Angiotensin II, vasopressin and GTP[γ-S] inhibit inward-rectifying K+ channels in porcine cerebral capillary endothelial cells

Abstract

Cerebral capillaries from porcine brain were isolated. and endothelial cells were grown in primary culture. The whole-cell tight seal patch-clamp method was applied to freshly isolated single endothelial cells, and cells which were held in culture up to one week. With high K⁺ solution in the patch pipette and in the bath we observed inward-rectifying K⁺ currents, showing a time-dependent decay in part of the experiments. Ba²⁺ (1–10mm) in the bath blocked this current, whereas outside tetraethylammonium (10mm) decreased the peak current but increased the steady-state current. Addition of 1 μm of angiotensin II or of arginine-vasopressin to the extracellular side caused a time-dependent inhibition of the inward-rectifying K⁺ current in part of the experiments.
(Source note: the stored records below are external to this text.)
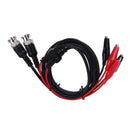 2pcs 110cm BNC Q9 to Dual Alligator Clip Oscilloscope Test Probe Leads A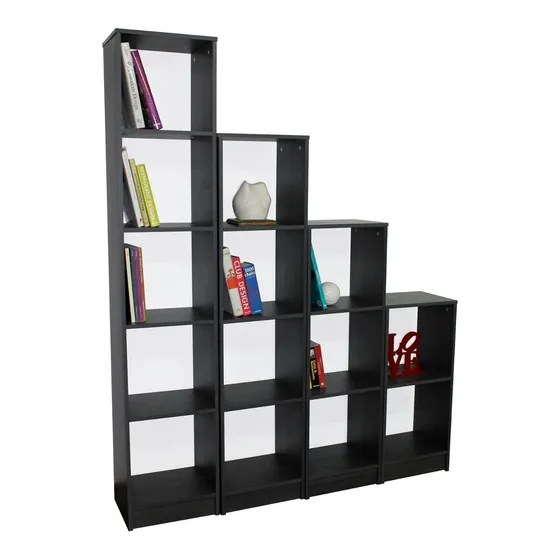 Mueble Estantería Separador De Ambiente Cuatro Módulos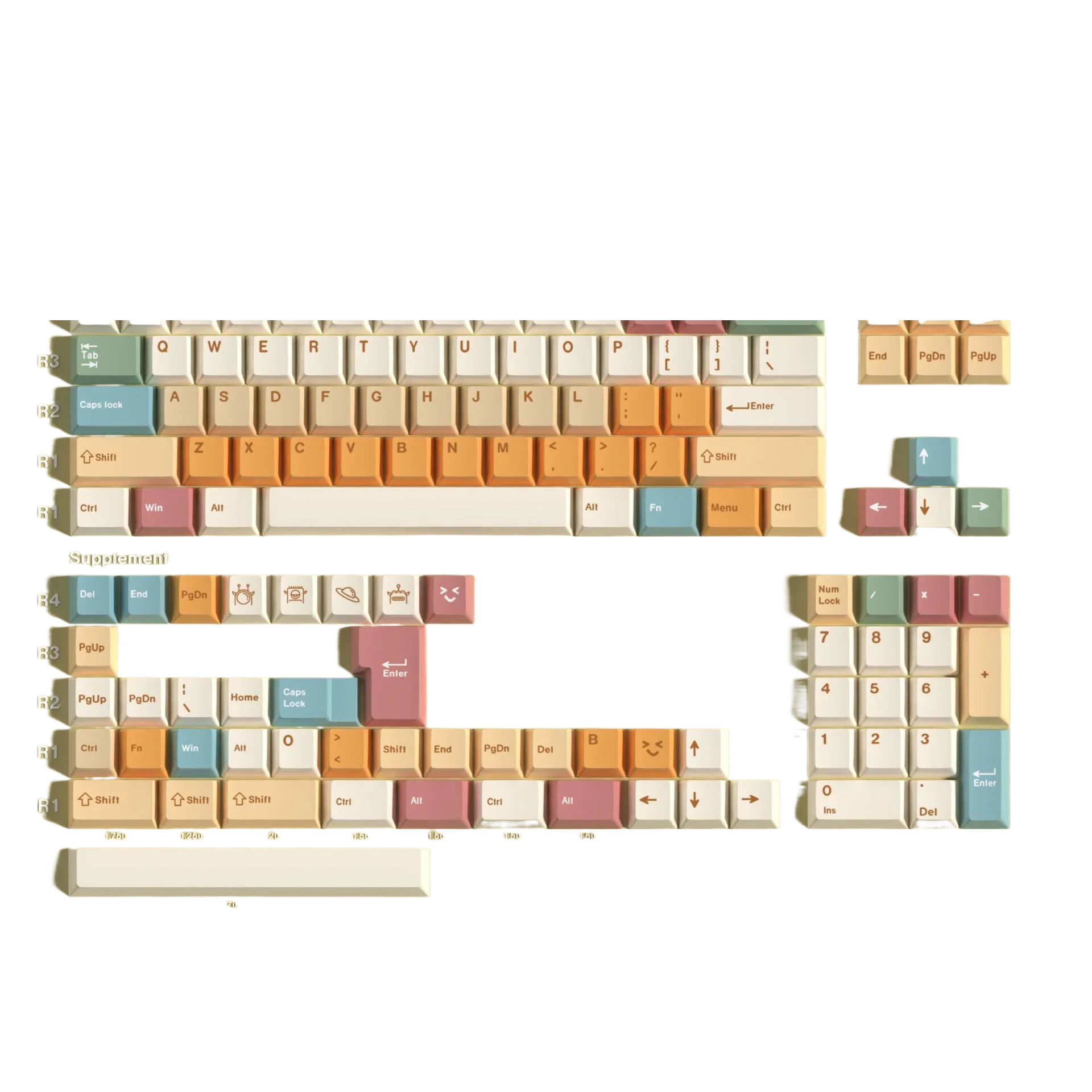Group Buy Candy House PBT Dye-Sub Keycaps: Multiple Layouts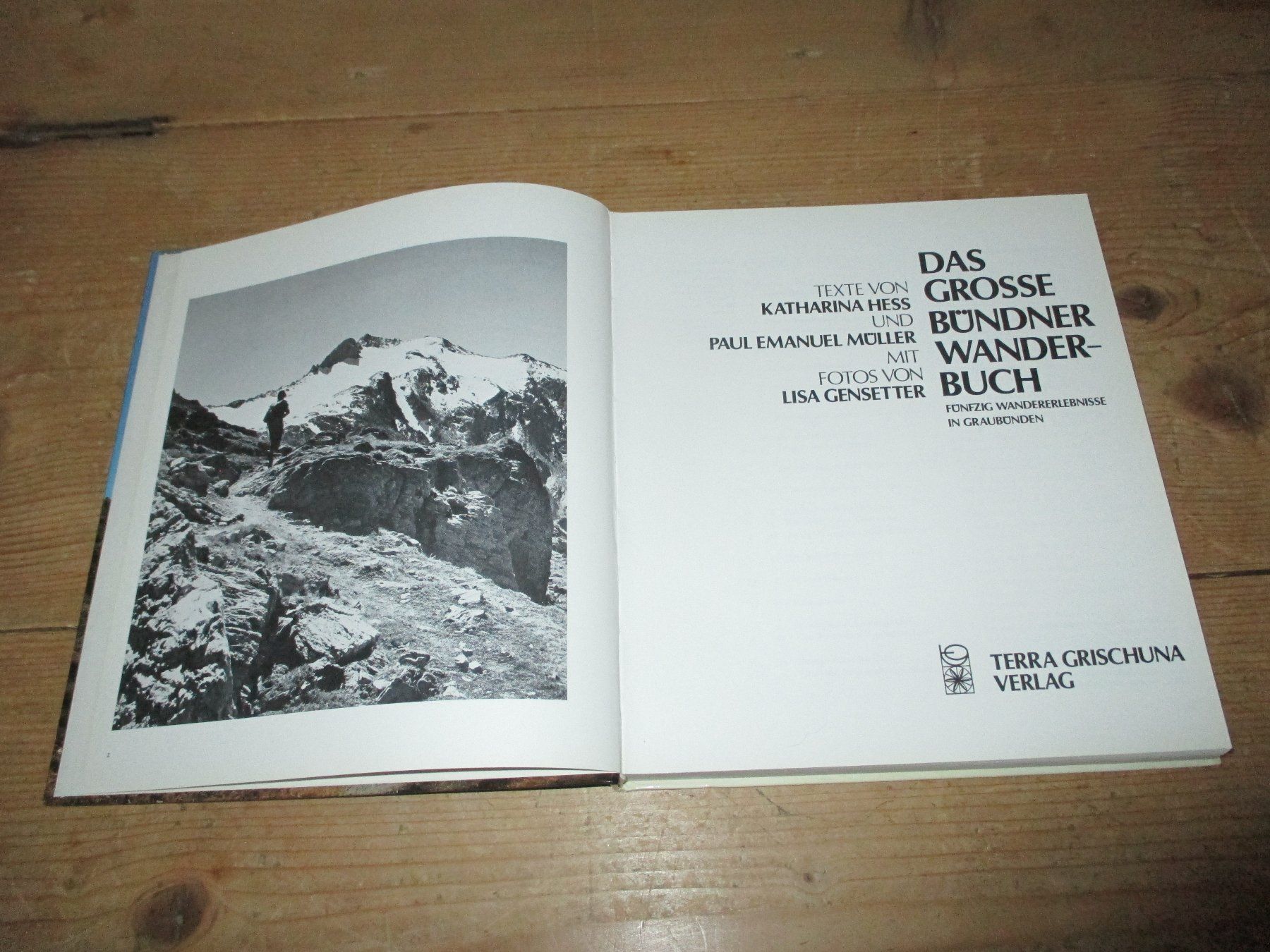 Bücher: Das Grosse Bündner Wanderbuch 1981 – Gebraucht aus Flims - Dorf von Stagediver 1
Addition of 100 μm GTP[γ-S] to the patch pipette blocked the K⁺ inward rectifier. In cell-attached membrane patches two types of single inward-rectifying K⁺ channels were observed, with single channel conductances of 7 and 35 pS. Cell-attached patches were also obtained at the antiluminal membrane of intact isolated cerebral capillaries. Only one type of K⁺ channel withg=30 pS was recorded. In conclusion, inwardly rectifying K⁺ channels, which can be inhibited by extracellular angiotensin II and arginine-vasopressin, are present in cerebral capillary endothelial cells. The inhibition of this K⁺ conductance by GTP[γ-S] indicates that G-proteins are involved in channel regulation. It is suggested that angiotensin II and vasopressin regulate K⁺ transport across the blood-brain barrier, mediating their effects via G-proteins.